*Goal of the exercise*. Could you output the entries that follow exactly, omitting any pictures they contain?

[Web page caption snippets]
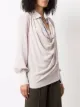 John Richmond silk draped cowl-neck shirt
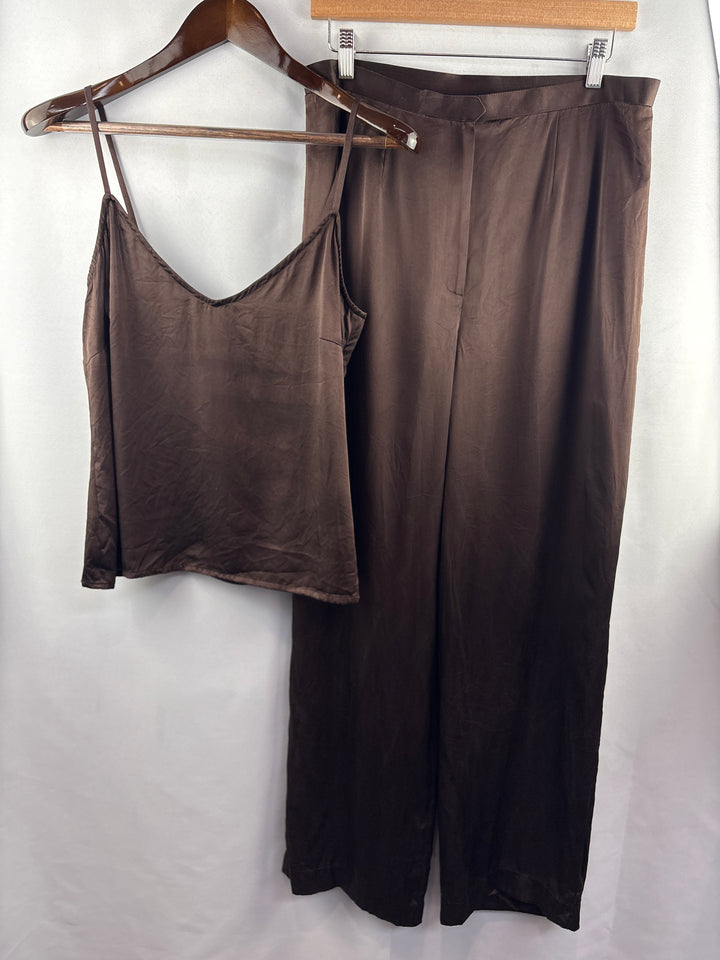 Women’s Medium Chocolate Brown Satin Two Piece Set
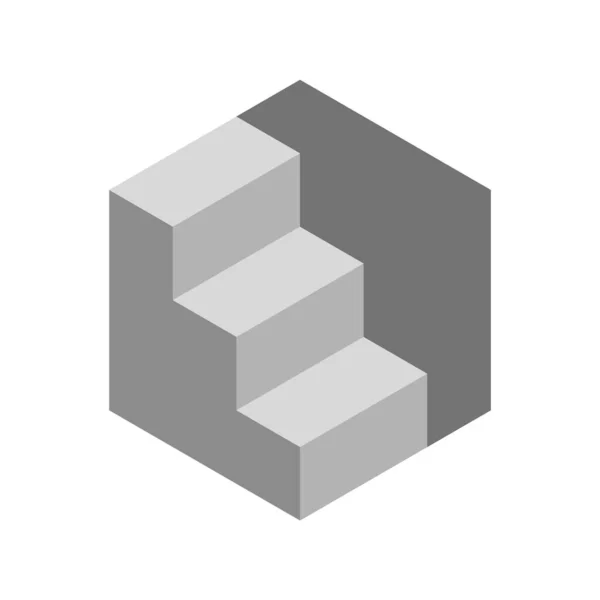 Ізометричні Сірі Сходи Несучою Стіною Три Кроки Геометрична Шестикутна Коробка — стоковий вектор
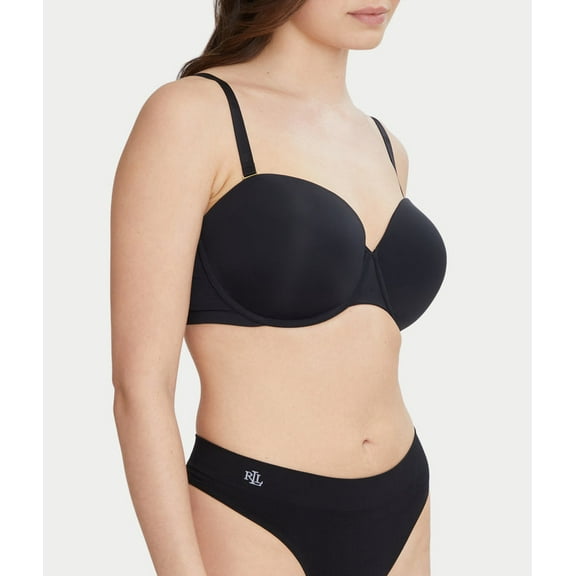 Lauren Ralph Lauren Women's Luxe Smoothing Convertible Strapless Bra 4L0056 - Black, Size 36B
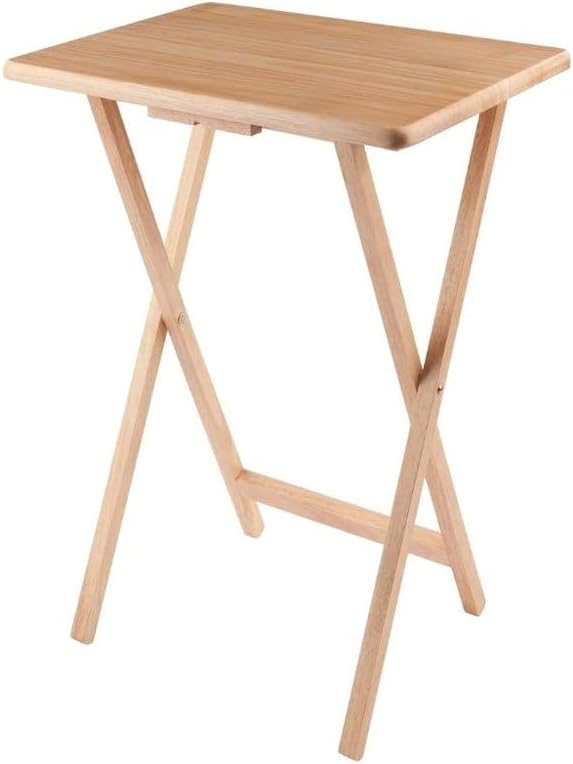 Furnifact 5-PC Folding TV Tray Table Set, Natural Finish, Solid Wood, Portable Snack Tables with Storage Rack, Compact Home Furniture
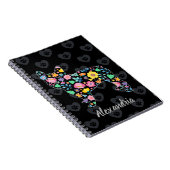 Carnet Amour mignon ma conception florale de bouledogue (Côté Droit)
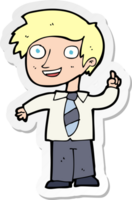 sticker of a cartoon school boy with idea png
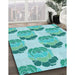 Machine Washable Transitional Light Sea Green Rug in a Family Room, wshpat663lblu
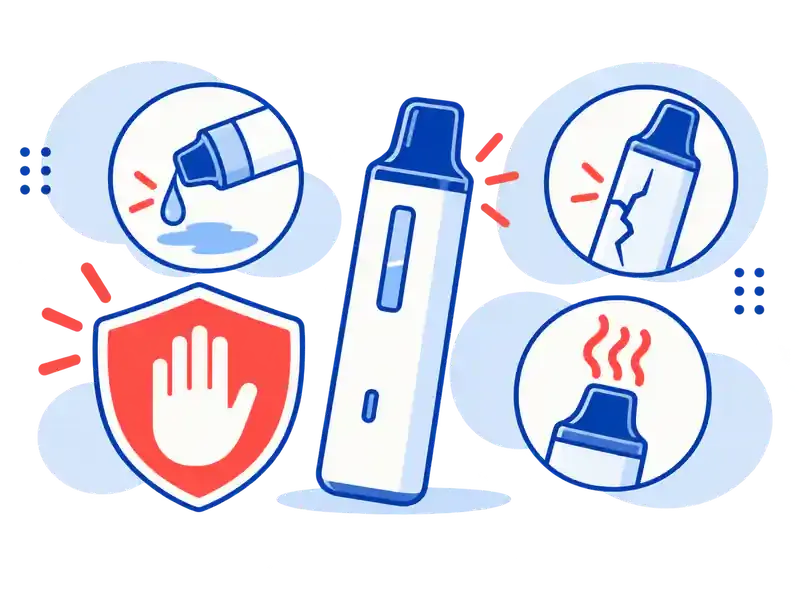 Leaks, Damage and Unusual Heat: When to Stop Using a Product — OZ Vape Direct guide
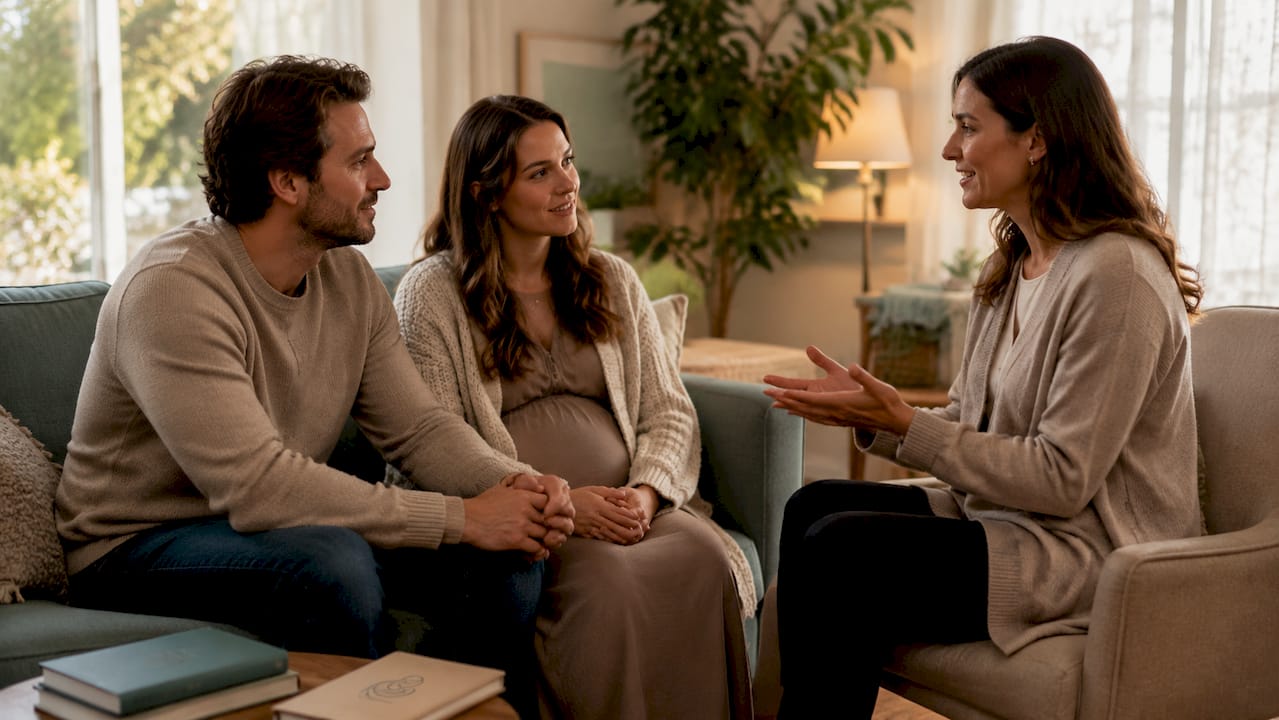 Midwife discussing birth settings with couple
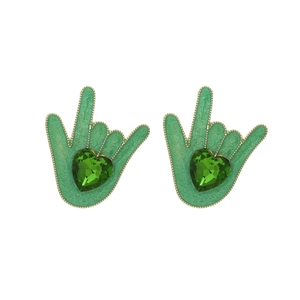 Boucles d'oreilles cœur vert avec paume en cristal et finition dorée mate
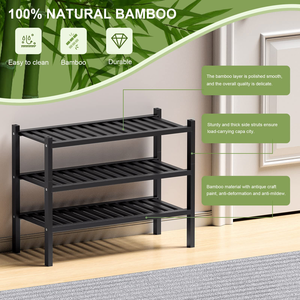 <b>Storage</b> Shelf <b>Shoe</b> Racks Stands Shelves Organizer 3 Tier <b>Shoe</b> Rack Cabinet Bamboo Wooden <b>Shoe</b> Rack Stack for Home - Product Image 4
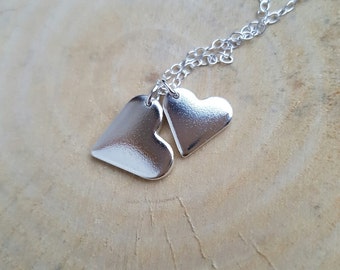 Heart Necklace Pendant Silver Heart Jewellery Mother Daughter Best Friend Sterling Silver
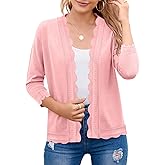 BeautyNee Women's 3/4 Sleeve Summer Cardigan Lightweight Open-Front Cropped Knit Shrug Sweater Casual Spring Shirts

*Solution for this task*.
 John Richmond silk draped cowl-neck shirt
 Women’s Medium Chocolate Brown Satin Two Piece Set
 Ізометричні Сірі Сходи Несучою Стіною Три Кроки Геометрична Шестикутна Коробка — стоковий вектор
 Lauren Ralph Lauren Women's Luxe Smoothing Convertible Strapless Bra 4L0056 - Black, Size 36B
 Furnifact 5-PC Folding TV Tray Table Set, Natural Finish, Solid Wood, Portable Snack Tables with Storage Rack, Compact Home Furniture
 Carnet Amour mignon ma conception florale de bouledogue (Côté Droit)
 sticker of a cartoon school boy with idea png
 Machine Washable Transitional Light Sea Green Rug in a Family Room, wshpat663lblu
 Leaks, Damage and Unusual Heat: When to Stop Using a Product — OZ Vape Direct guide
 Midwife discussing birth settings with couple
 Boucles d'oreilles cœur vert avec paume en cristal et finition dorée mate
 <b>Storage</b> Shelf <b>Shoe</b> Racks Stands Shelves Organizer 3 Tier <b>Shoe</b> Rack Cabinet Bamboo Wooden <b>Shoe</b> Rack Stack for Home - Product Image 4
 Heart Necklace Pendant Silver Heart Jewellery Mother Daughter Best Friend Sterling Silver
 BeautyNee Women's 3/4 Sleeve Summer Cardigan Lightweight Open-Front Cropped Knit Shrug Sweater Casual Spring Shirts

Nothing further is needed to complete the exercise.